** Opening DATASET EXTRACT block **
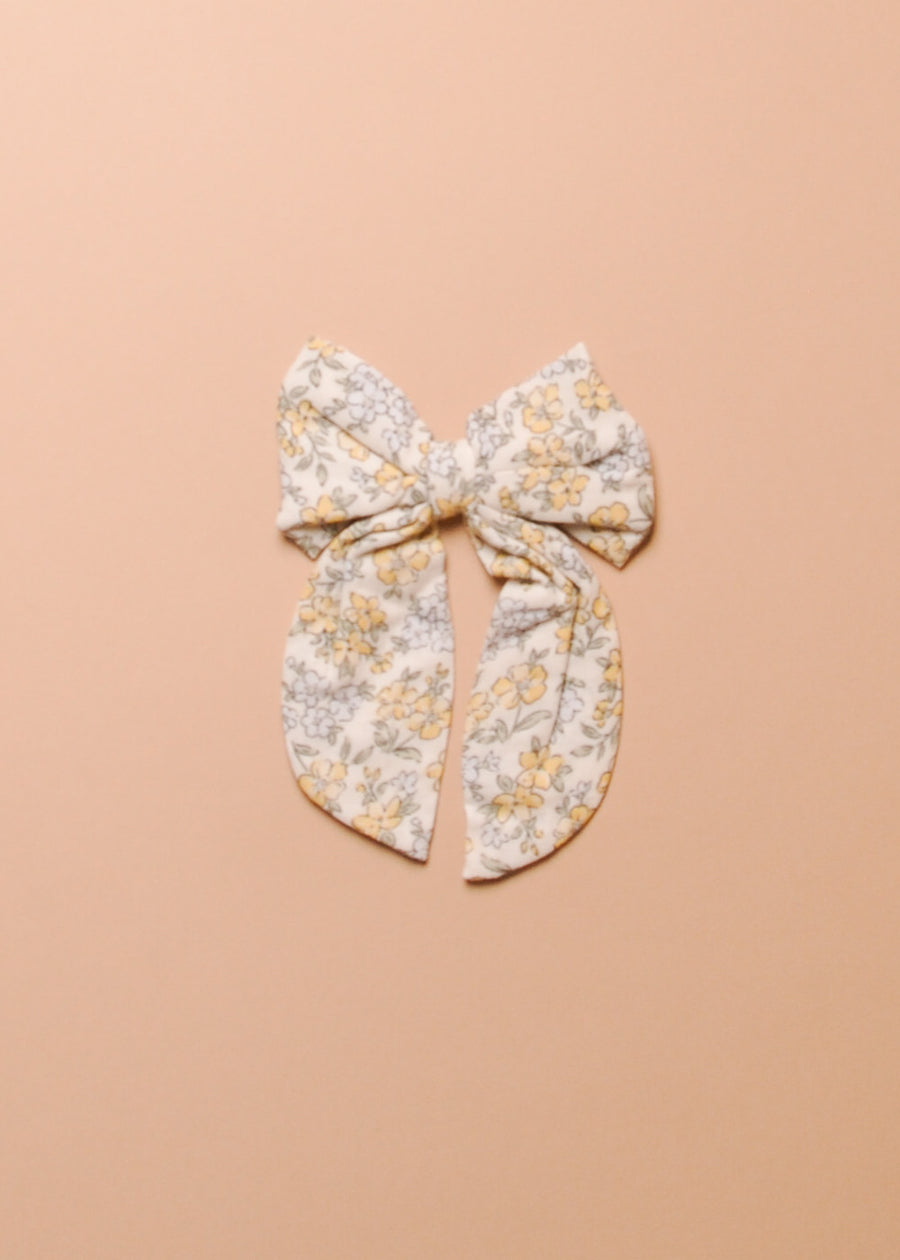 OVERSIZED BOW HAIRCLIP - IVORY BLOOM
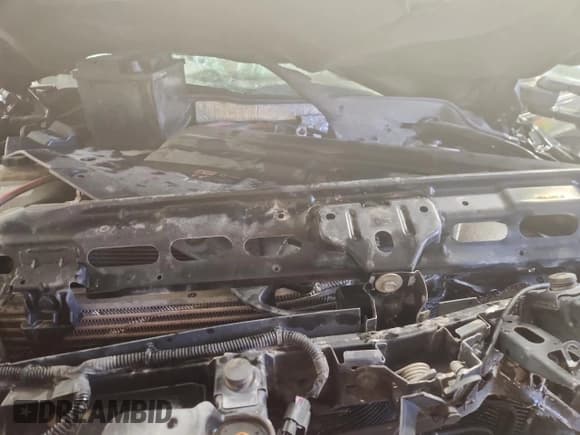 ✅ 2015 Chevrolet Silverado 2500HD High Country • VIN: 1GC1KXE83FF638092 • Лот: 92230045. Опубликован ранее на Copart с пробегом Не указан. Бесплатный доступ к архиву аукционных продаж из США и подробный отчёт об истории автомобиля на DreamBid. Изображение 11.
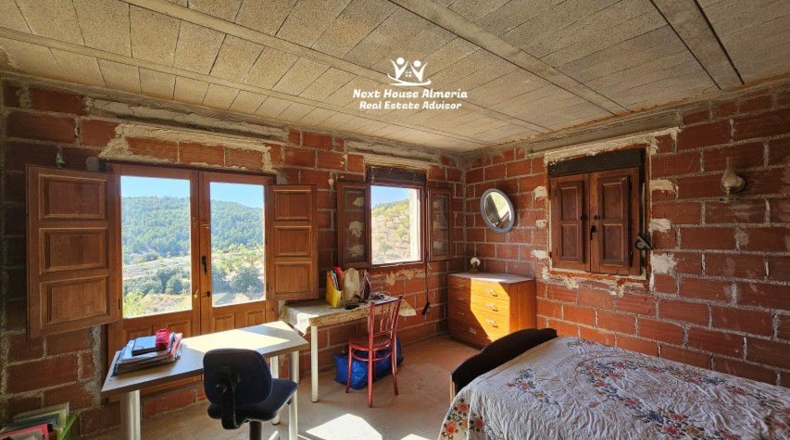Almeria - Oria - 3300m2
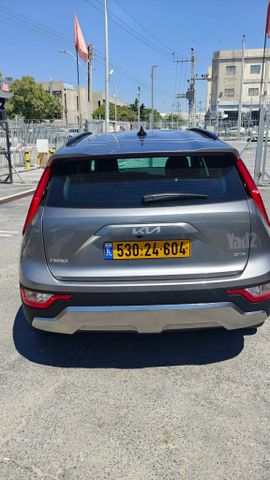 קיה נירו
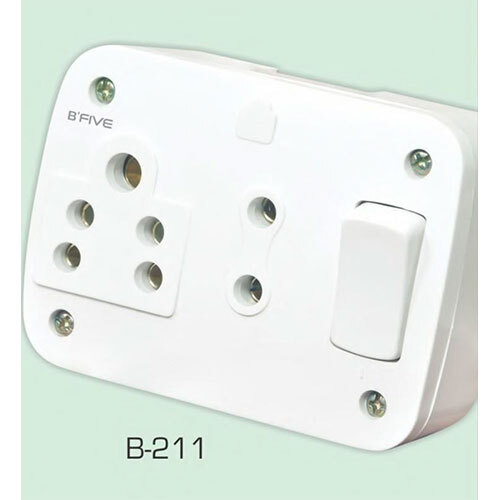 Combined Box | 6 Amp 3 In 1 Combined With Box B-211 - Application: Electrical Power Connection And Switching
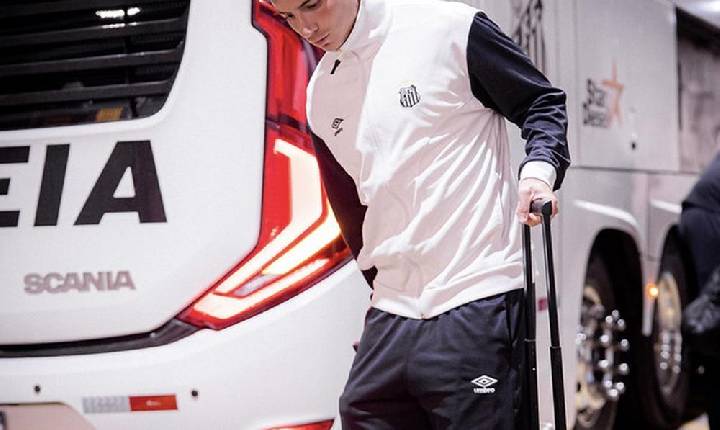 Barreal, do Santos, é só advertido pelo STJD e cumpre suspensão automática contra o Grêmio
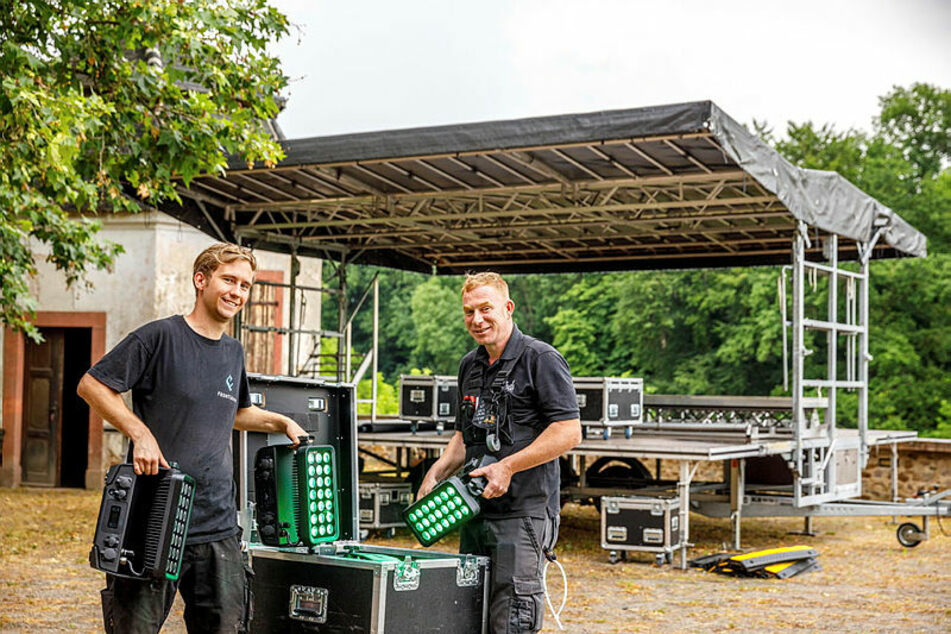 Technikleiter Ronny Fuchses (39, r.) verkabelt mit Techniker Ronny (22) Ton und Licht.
** Closing DATASET EXTRACT block **
• INSTRUCTIONS TO FOLLOW: Transcribe, please, the lines from the one holding "Combined Box |" to the final line of the material, both included, exactly and with no extra lines, and skip the pictures.

• TASK SOLUTION:
 Combined Box | 6 Amp 3 In 1 Combined With Box B-211 - Application: Electrical Power Connection And Switching
 Barreal, do Santos, é só advertido pelo STJD e cumpre suspensão automática contra o Grêmio
 Technikleiter Ronny Fuchses (39, r.) verkabelt mit Techniker Ronny (22) Ton und Licht.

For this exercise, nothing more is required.